You're making the same mistake as the Census Bureau -- adopting the artificial convention that income greater than $100k makes you "upper middle class". It depends where you live and inflation has probably been higher than reported. Cheaper/faster computers don't really make your cost of living lower, but official statistics pretend they do.

If incomes were bucketed by $2500 increments from 100k up to maybe 500k, Steve could create a much more detailed version of his nice animated graph which would show the "toothpaste" gradually shifting to the right while retaining the same humped shape. That's a picture of growth and inflation, not people winning the lottery (so to speak). The spike at the right end is an artifact of limited data collection.

Jarrod Myrick

STS,

Town i live in median income 83k--where i'm from 38k. point is: if a man can't define and pursue his own happiness making 100k/yr in this economic-political union he ain't tryin hard enough. 100k is arbitrary sure, of course it is--this is the comments section of a man's blog neither of us's ever met. but if we wanted to meet him we could trade five hours of labor for a ticket to take an aeroplane trip to meet anywhere in our land in probably five hours or less. i don't know how to drive a horse carriage or operate a gatling gun or fear the dark. in relative terms to the history of humanity, we're gods.

cost of living? how many cars do you need? how many tvs do you want?

piannaf

I keep reading this blog because I love the way you work with data.

I recently came across "The Coming Collapse of the Middle Class" http://economistsview.typepad.com/economistsview/2008/04/the-coming-coll.html and it worried me how the speaker was working with data.

Especially worrisome for me was her idea of a debt treadmill which she assumes goes in the opposite direction of your animated graph.

She also compared a housewife in ~1970 who doesn't need an extra car or outside childcare to a working mother in ~2000 who does need both those things. Now, they may both be "the middle class" for each time period but it's a personal choice which changed their situations so I wonder what consequence that choice has in ~1970 vs ~2000.

Optimist123

piannaf:

Thanks for the link.
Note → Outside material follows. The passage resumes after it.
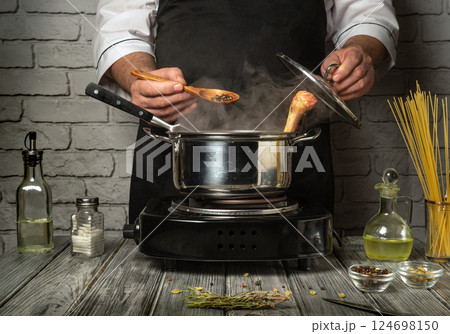 A chef prepares a simmering pot on a stove, adding spices and herbs while a wooden spoon stirs. The kitchen has a rustic vibe with wooden surfaces A chef prepares a simmering pot on a stove, adding spices and herbs while a wooden spoon stirs. The kitchen has a rustic vibe with wooden surfaces 124698150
Her analysis included both the income and expenditure sides of the household budget. She had some interesting data, but didn't control for the two basic causes of family insolvency: (1) bad luck, versus (2) financial incompetence. Health problems, job problems, spending problems, and education problems can fall into either category. For example, it is easy to feel badly for the person who was talked into a mortgage he couldn't afford -- until finding out he had a $250,000 salary, and was talked into a $2.5 million mortgage he couldn't handle. I place that one under the heading of incompetence, and have no desire whatsoever to pitch in to ease the pain of that particular insolvency.

I'm still wondering whether she thinks the solution would be more government-provided safety nets for families that stumble into insolvency for whatever reason, or for better education as to how to avoid insolvency due to incompetence.

Also, regarding the middle class: The census data leaves several questions unanswered, as you can see from my chart. For example, it is entirely possible that the distribution has become bimodal (twin peaks, with the higher one masked by the $100,000 cutoff). I'd be surprised at that, but cannot completely rule it out without seeing how the "above $100K" earners are distributed.